== GIVEN MATERIAL
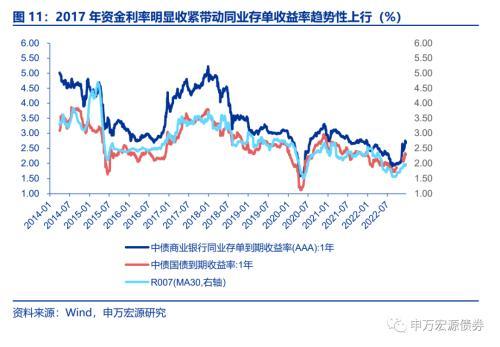 同业存单展望：短期不悲观、中期不乐观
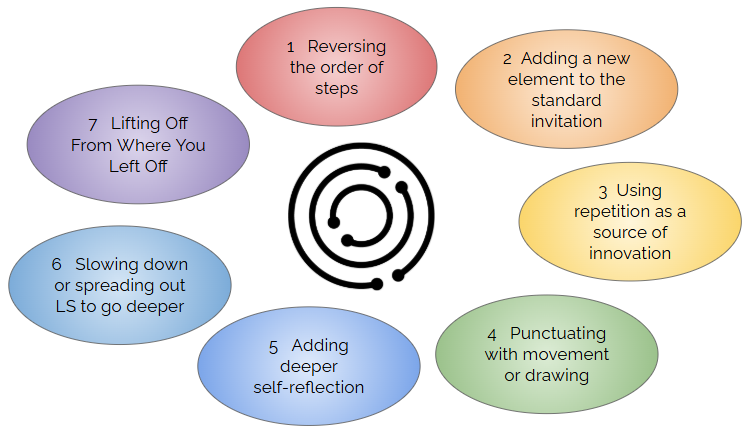 Adaptations for Liberating Structures
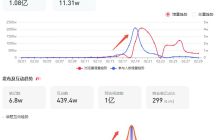 年后，如何抓住小红书第一波流量，打造爆款内容？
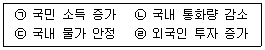 경찰공무원(순경) 사회 2015년 1회 19번 문제 그림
====
# WORK TO COMPLETE:
Set down the material once more, exactly, with the pictures omitted.

# EXERCISE SOLUTION:
 同业存单展望：短期不悲观、中期不乐观
 Adaptations for Liberating Structures
 年后，如何抓住小红书第一波流量，打造爆款内容？
 경찰공무원(순경) 사회 2015년 1회 19번 문제 그림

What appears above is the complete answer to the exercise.